8.12 ensure that contractual terms on termination, and any payments made, are fair to the individual, and the Company, that failure is not rewarded and that the duty to mitigate loss is fully recognised.
8.13 oversee any major changes in employee benefits structures throughout the Company or Group.
8.14 agree the policy for authorising claims for expenses from the Directors, and
8.15 work and liaise as necessary with all other Board Committees.
9 Reporting responsibilities
9.1 The Committee Chairman shall report to the Board on its proceedings after each meeting on all matters within its duties and responsibilities.
9.2 The Committee shall make whatever recommendations to the Board it deems appropriate on any area within its remit where action or improvement is needed.
9.3 The Committee shall ensure that provisions regarding disclosure of information, including pensions, as set out in the Large and Medium-sized Companies and Groups (Accounts and Reports) (Amendment) Regulations 2013 and the Code, are fulfilled and produce an annual report of the Company’s remuneration policy and practices to be included in the Company’s Annual Report (the Directors’ Remuneration Report).

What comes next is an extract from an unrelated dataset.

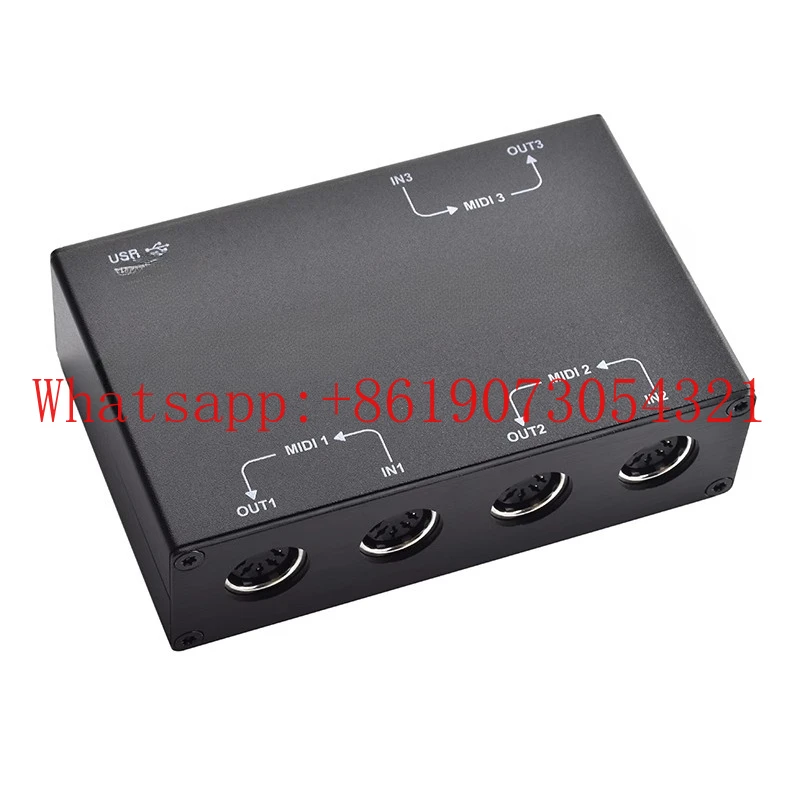 

MIDI 3x3MIDI-USB-бокс поддерживает Windows Mac без драйвера HUB-3Pro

The Directors’ Remuneration Report must contain an annual statement, an Annual Report on Remuneration and the Company’s policy on Directors’ remuneration (Policy Report). Every three years (or sooner if changes are proposed to the remuneration policy) the Policy Report shall be put to shareholders and shall be approved by binding vote at a general meeting. The Annual Report on Remuneration shall be approved by an advisory vote of the shareholders at each AGM. If the Committee has appointed remuneration consultants, the Annual Report on Remuneration should identify such consultants and state whether they have any connection with the Company.
9.4 Through the Chairman of the Board, ensure that the Company maintains contact as required with its principal shareholders about remuneration.
10 Other matters
The Committee shall
10.1 have access to sufficient resources in order to carry out its duties, including access to the Company Secretary for assistance as required.
10.2 be provided with appropriate and timely training, both in the form of an induction programme for new members and on an ongoing basis for all members.
10.3 give due consideration to laws, regulations and any published guidelines or recommendations regarding the remuneration of directors of listed/non listed companies and formation and operation of share schemes including but not limited to the provisions of the Code, the requirements of the UK Listing Authority’s Listing, Prospectus and Disclosure and Transparency Rules as well as guidelines published by the Association of British Insurers and the National Association of Pension Funds and any other applicable rules, as appropriate, and
10.4 arrange for periodic reviews of its own performance and, at least annually, review its constitution and terms of reference to ensure it is operating at maximum effectiveness and recommend any changes it considers necessary to the Board for approval.
11.1 The Committee is authorised by the Board to obtain, at the Company’s expense, outside legal or other professional advice on any matters within its terms of reference.